• [Work task] Return the lines beginning at the one that contains "I do understand" and running to the end of the records, exactly and with nothing else. Omit pictures.
=== Begin Enclosure ===
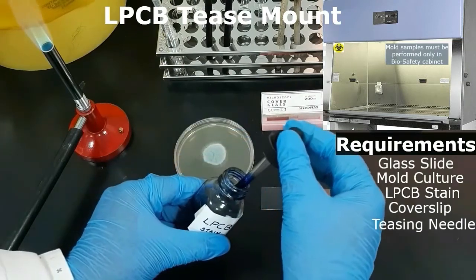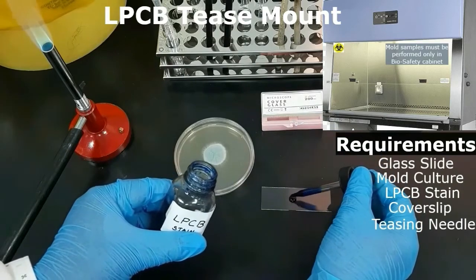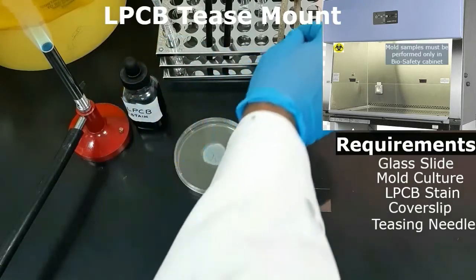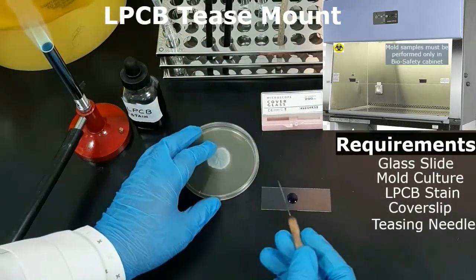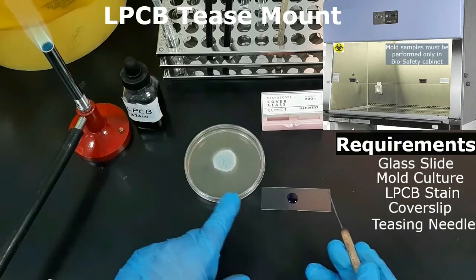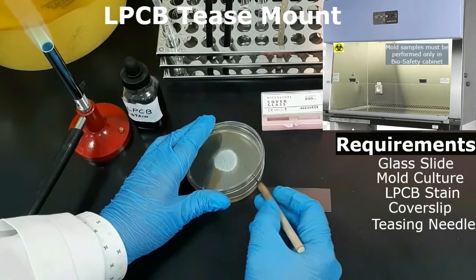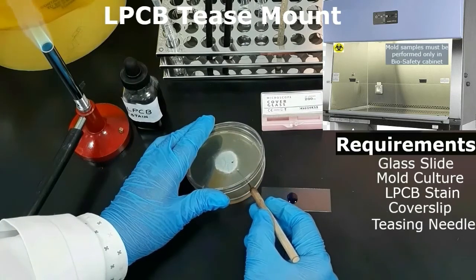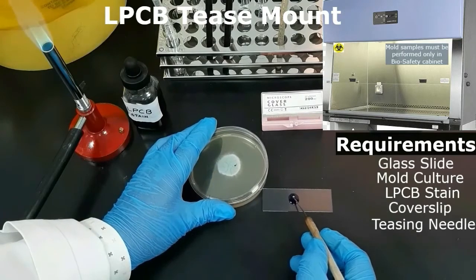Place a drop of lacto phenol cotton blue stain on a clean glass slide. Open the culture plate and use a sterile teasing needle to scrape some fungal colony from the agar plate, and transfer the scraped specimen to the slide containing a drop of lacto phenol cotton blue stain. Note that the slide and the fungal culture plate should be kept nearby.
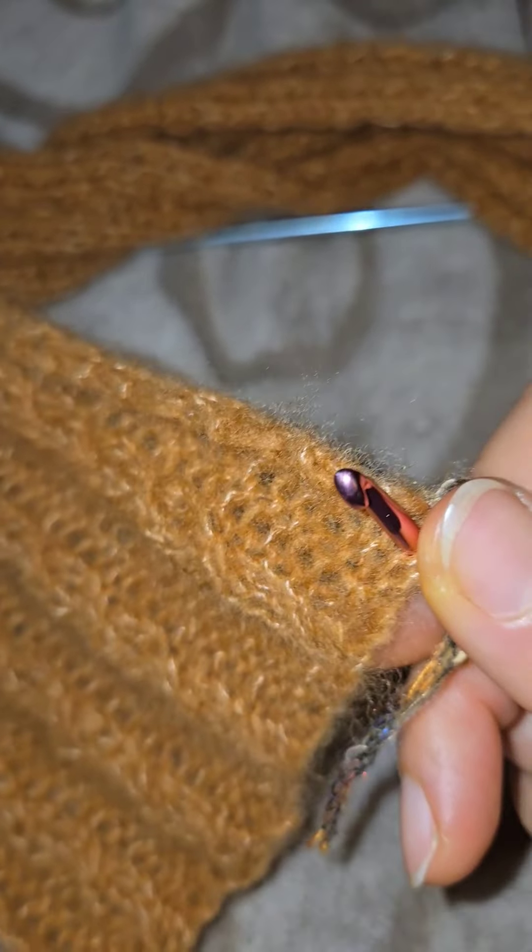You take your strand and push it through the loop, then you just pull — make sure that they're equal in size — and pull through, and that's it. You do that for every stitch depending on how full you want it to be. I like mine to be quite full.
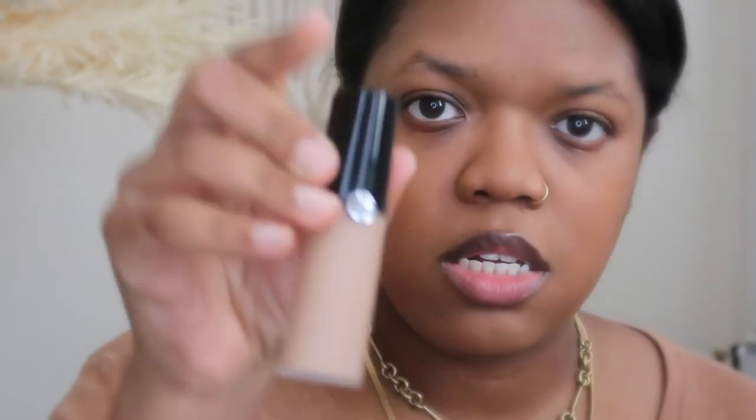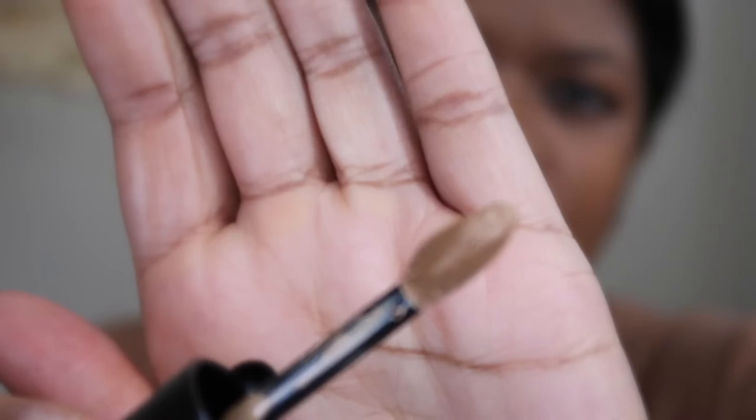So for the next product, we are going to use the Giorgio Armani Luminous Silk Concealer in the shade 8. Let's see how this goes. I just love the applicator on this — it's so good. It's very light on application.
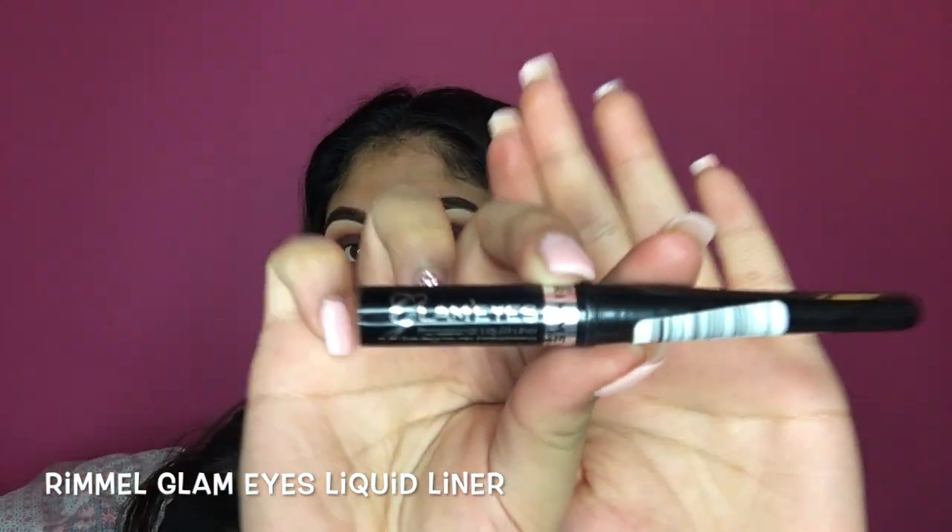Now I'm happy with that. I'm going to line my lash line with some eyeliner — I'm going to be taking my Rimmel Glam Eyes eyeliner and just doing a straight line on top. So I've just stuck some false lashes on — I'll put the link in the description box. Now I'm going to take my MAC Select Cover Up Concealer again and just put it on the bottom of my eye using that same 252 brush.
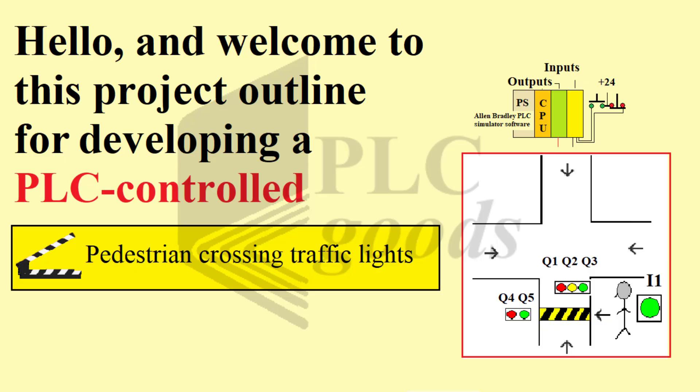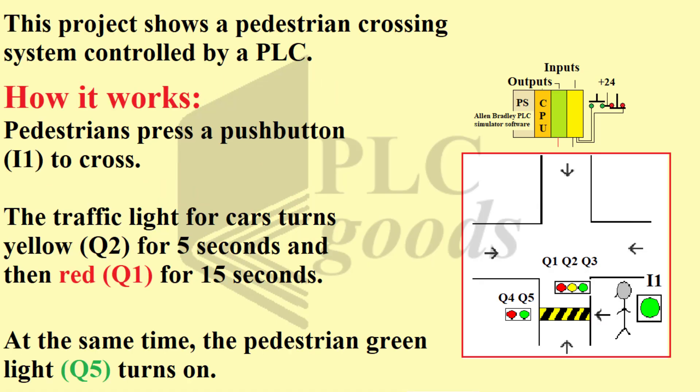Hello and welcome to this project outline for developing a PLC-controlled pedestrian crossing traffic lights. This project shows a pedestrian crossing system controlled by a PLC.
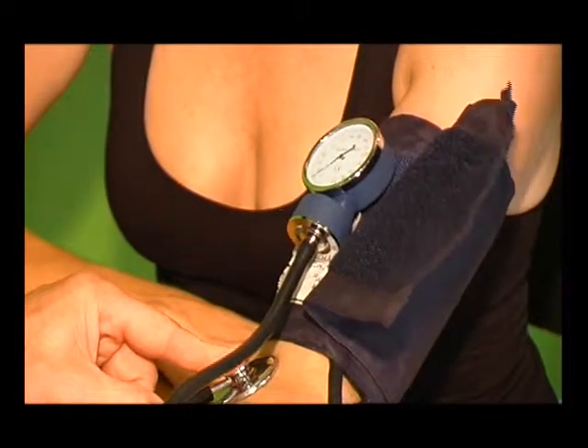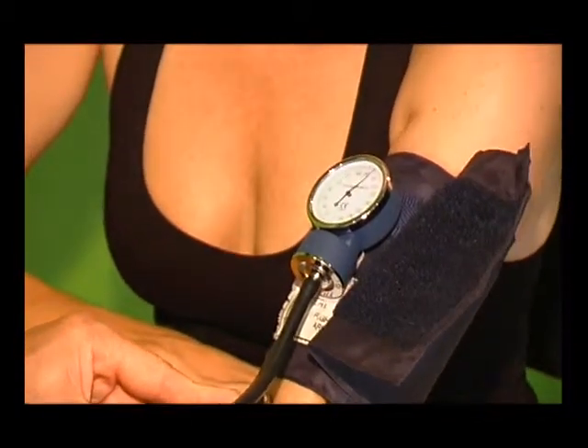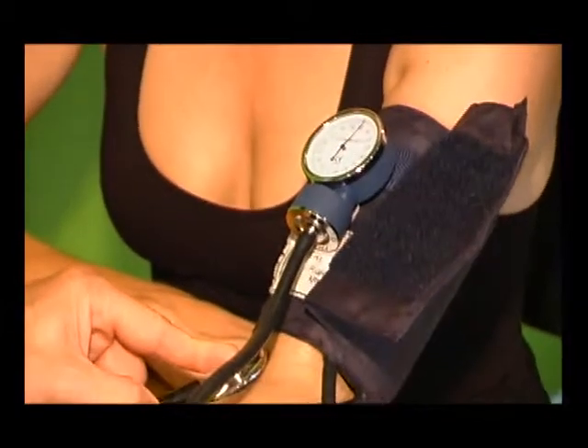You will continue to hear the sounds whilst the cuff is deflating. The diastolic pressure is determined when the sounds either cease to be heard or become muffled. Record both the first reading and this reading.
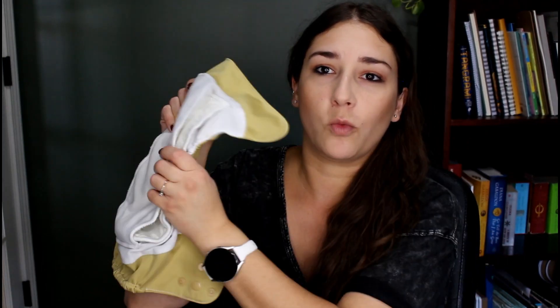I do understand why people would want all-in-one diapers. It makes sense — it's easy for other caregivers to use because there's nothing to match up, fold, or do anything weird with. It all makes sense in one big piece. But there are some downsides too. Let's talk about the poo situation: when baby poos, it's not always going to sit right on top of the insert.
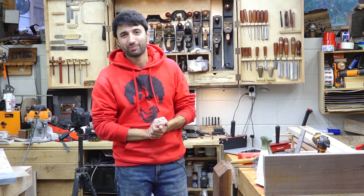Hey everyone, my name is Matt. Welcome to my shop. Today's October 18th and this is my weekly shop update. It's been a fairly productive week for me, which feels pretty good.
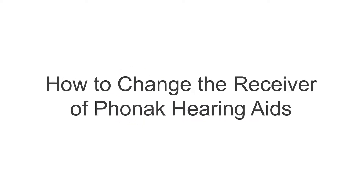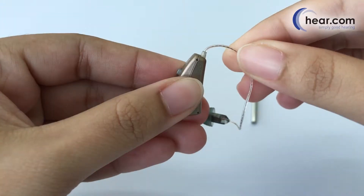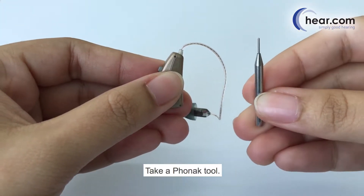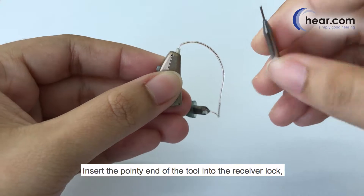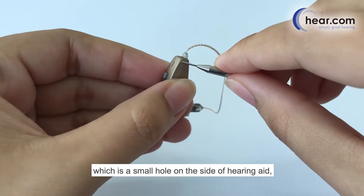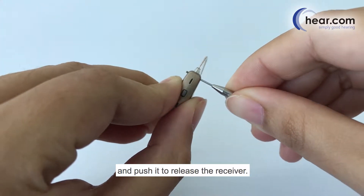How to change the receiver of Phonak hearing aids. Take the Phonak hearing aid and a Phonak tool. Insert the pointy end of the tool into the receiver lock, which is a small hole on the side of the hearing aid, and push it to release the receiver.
=== End Enclosure ===
• [Response area]
I do understand why people would want all-in-one diapers. It makes sense — it's easy for other caregivers to use because there's nothing to match up, fold, or do anything weird with. It all makes sense in one big piece. But there are some downsides too. Let's talk about the poo situation: when baby poos, it's not always going to sit right on top of the insert.
Hey everyone, my name is Matt. Welcome to my shop. Today's October 18th and this is my weekly shop update. It's been a fairly productive week for me, which feels pretty good.
How to change the receiver of Phonak hearing aids. Take the Phonak hearing aid and a Phonak tool. Insert the pointy end of the tool into the receiver lock, which is a small hole on the side of the hearing aid, and push it to release the receiver.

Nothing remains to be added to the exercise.